▶ _What the task asks_
The whole listing should be retyped word for word, apart from the pictures it holds.

▶ _Information supplied_
● ● ● ●
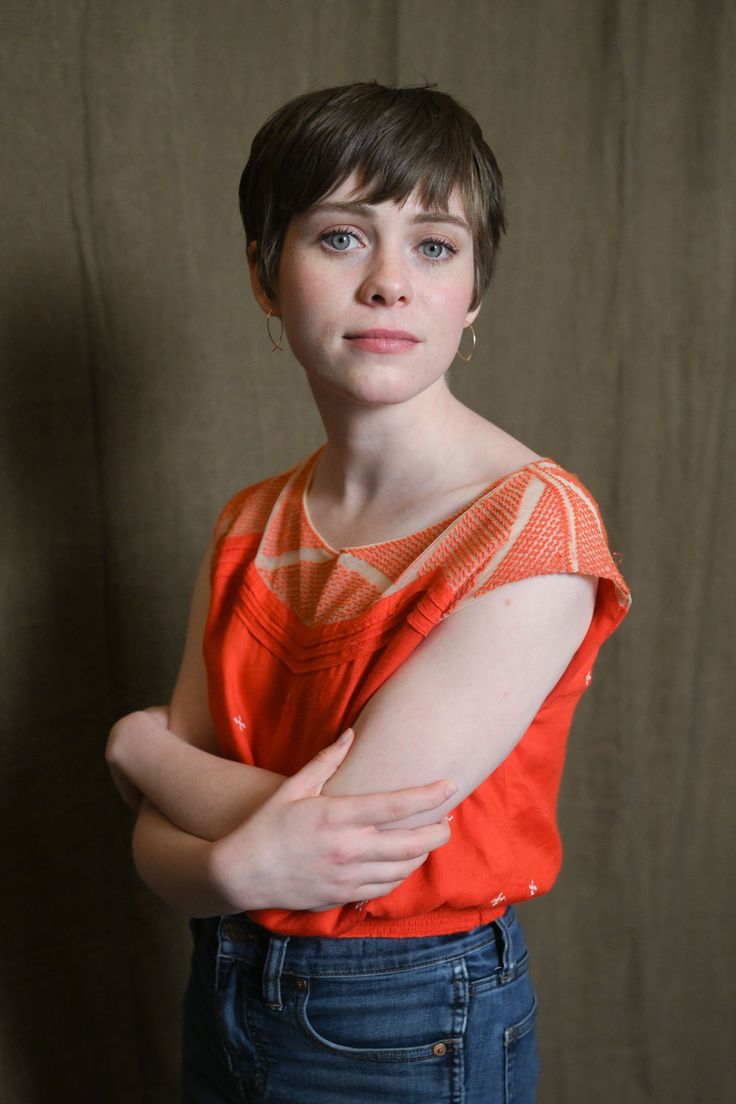 sophia lillis hot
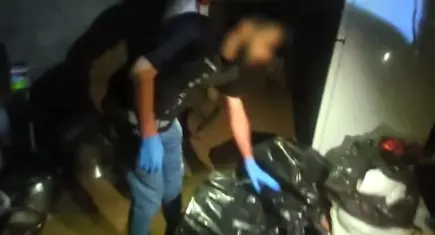 Başkale’de operasyon: 48 kilo esrar ve 1200 litre kaçak akaryakıt ele geçirildi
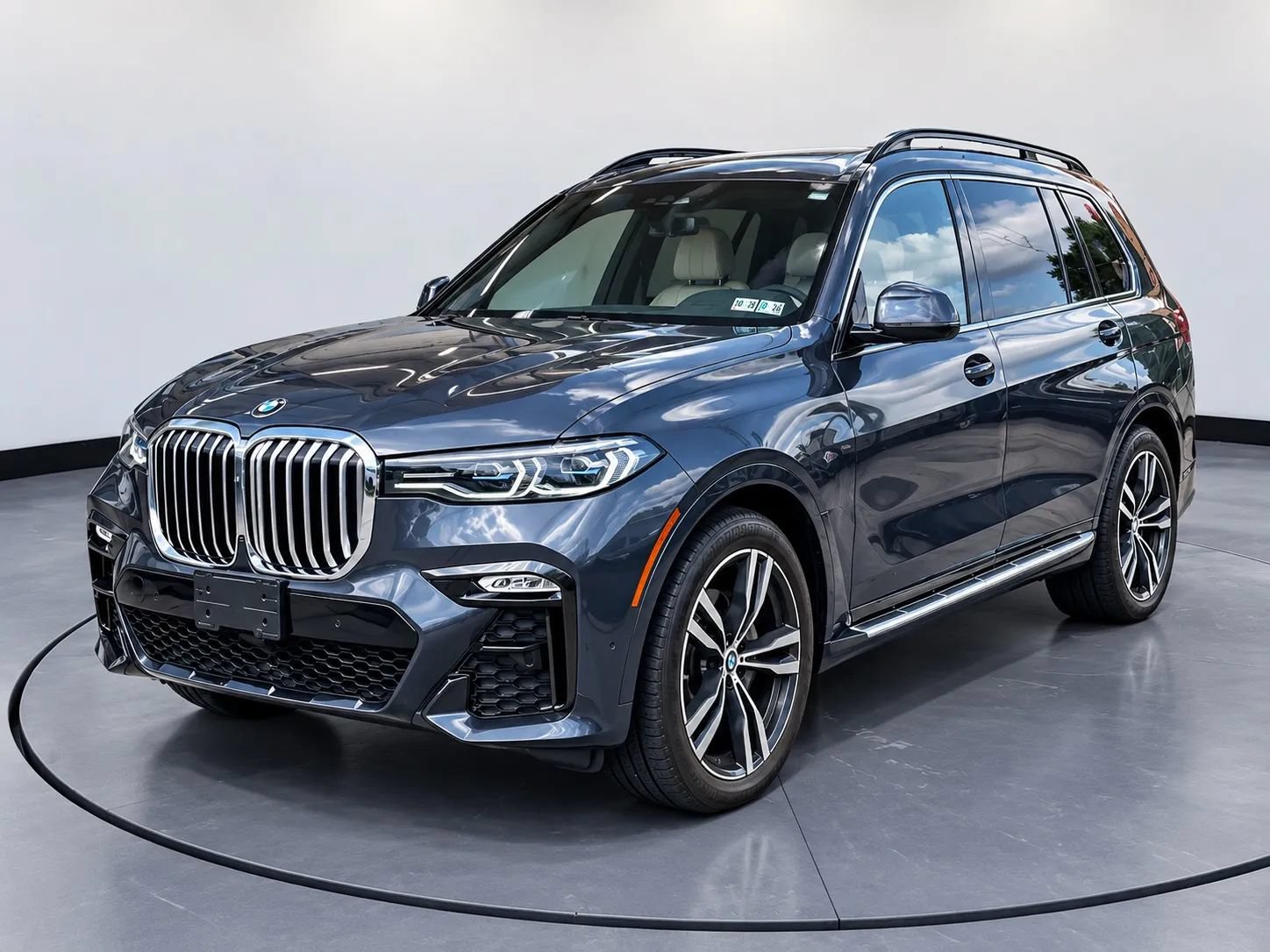 Used 2021 BMW X7 xDrive40i w/ M Sport Package AWD/4WD image 1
● ● ● ●
▶ _Output for this task_
 sophia lillis hot
 Başkale’de operasyon: 48 kilo esrar ve 1200 litre kaçak akaryakıt ele geçirildi
 Used 2021 BMW X7 xDrive40i w/ M Sport Package AWD/4WD image 1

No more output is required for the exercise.